Bush, whose husband tragically died in 2017 in Johannesburg during an armed robbery in their home, stresses that "disruption doesn’t just happen ‘out there’. It’s not just about being driven by information technology or biotechnology, robots or artificial intelligence. Disruption happens all the time, in our homes and in our families as individuals grow up and change (even adults), and as family structures are altered due to death, divorce, remarriage, blended families, special-needs children, financial and work pressure, and more" (11). She feels strongly that "parents and children continually need to reinvent, adapt and adopt to remain relevant and to thrive in this fast-changing world" (10).

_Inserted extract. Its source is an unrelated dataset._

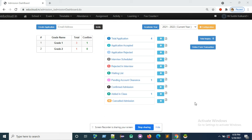Hello everyone. In this video, let's see how to assign fees to the student who is in the pending account clearance state. So here,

I could not put this book down. The authors deserve applause for creating riveting content that is highly applicable, very informative and certainly practical to implement. The writing is clear, concise and very much to the point. I experienced a sense of déjà vu when I opened the book at Chapter 1, chillingly titled, "Wake up, the world has changed!" – for is that thought not uppermost in our minds today? I agree with Michael Grose’s suggestion in the foreword to read Future-proof your child for the 2020s and beyond twice. "Read it through the first time as quickly as you can. Then read it a second time using a highlighter to mark actionable steps and discussion points you pick up along the way. This is definitely a book to mull over and revisit time and again." Groce, a parenting educator and speaker, is the author of 11 parenting books.
The titles of the remaining chapters – there are nine altogether – are: "How your child develops", "Trends that will change your child’s future", "Jobs of the future", "Developing X-factors for success in our children", "What can school do for your child?", "Building a Talent Profile", "Build a values-based family brand" and "A call to action".
Future-proof your child for the 2020s and beyond is largely intended for those involved in raising children from birth to 12 years. I consider it an invaluable guide to equip children with the right skill sets, attitudes and world views to enable them to identify future opportunities and thrive, no matter what tomorrow may or may not hold. I wholeheartedly recommend this book to anyone who has children or who works with them. In the words of the late Nelson Mandela, "There can be no keener revelation of a society’s soul than the way in which it treats its children."
About the authors
Nikki Bush is a well-known author and media personality. She is a sought-after international speaker on parenting and child development, and her opinion is highly respected and trusted. Her bestselling titles include Future-proof your child: Parenting the wired generation (with Codrington), Easy answers to awkward questions and tech-savvy parenting.
Graeme Codrington focuses on the future of work as a futurist and strategy consultant. Having worked in nearly 100 countries, he has helped some of the globe’s largest companies and best business schools prepare for tomorrows world today. His bestselling titles include Future-proof your child: Parenting the wired generation (with Bush), Mind the gap and Leading in a changing world.